“Stop, Look and Listen” – Sound Advice For Avoiding All Types Of “Oncoming Trains,” But Only Part Of The Battle

In the past two days’ posts, I’ve tried to shine a bright light on what I believe to be the importance, indeed the criticality, of our taking the time to STOP (i.e., step out of “our stuff”), LOOK (i.e., be sufficiently attentive to those around us to be able to identify those in need) and LISTEN (i.e., be “fully present” in hearing and appropriately responding to those needs).  Trust me, it’s sound advice for avoiding “oncoming trains” of all makes and models.

However, it occurred to me on my walk last night that both posts presuppose that we are the “ones being needed,” rather than the “ones in need,” when, in fact, Life, often and seemingly without rhyme or reason, casts us alternatively in both roles.  Thus, it’s worth also mentioning that the “ones in need” are not without their own share of responsibilities in this often complex dance.  Communication is very much a two-way street.  Our friends and loved ones can be the most observant people in the world and the best listeners, but, at the end of the day, their ability to make a difference begins with the willingness and courage of those in need to reach out, preferably in a healthy way (i.e., with written or spoken words), and seek help.

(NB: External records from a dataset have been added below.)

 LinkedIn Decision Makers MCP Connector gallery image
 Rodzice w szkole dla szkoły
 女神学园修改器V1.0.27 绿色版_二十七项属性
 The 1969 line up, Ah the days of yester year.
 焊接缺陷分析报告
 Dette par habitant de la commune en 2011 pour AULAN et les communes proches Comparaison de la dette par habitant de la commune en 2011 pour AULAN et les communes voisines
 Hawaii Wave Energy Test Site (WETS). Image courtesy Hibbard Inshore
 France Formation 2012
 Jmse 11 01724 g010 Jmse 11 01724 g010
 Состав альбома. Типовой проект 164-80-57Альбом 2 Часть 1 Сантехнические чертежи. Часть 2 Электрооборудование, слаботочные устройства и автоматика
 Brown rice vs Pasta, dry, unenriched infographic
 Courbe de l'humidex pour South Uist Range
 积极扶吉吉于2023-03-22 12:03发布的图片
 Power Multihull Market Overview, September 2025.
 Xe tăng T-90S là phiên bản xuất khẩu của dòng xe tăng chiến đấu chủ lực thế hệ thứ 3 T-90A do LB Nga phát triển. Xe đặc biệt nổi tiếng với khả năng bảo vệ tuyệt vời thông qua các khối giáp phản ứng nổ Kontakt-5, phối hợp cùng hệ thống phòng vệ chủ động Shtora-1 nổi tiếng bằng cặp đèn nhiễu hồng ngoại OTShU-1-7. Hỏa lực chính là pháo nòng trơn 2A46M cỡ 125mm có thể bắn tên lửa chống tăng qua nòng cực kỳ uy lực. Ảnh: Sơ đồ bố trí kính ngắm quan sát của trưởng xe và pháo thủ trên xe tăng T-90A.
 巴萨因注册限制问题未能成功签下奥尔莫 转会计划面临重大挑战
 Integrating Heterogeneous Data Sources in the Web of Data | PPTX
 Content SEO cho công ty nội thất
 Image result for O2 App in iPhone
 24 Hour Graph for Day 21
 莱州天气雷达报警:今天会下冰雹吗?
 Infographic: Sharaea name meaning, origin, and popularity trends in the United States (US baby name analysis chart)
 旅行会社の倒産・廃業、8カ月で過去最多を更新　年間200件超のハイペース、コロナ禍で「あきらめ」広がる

It doesn’t need to be much.  A simple, “I need a friend today,” or “I really could use some companionship and support right now,” or “I’m struggling” is all it takes (or all it should take) to evoke a response from our now “newly enlightened and sensitized” population of fellow earthlings.  If it doesn’t – say it again or write it down and hand it to someone or, if you must, “post it”.  It might take a time or two, but nothing can happen without it.  Simply put, we can’t expect others to read our minds or “guess” at the needs and longings of our heart.  We have to use our “voice” to speak them and then be willing to open our hearts, when, as I would hope will increasingly be the case, others step in to offer their unconditionally loving support.

For, as Bill Withers once said, with his usual simplicity, “no one can fill those of your needs that you won’t let show.”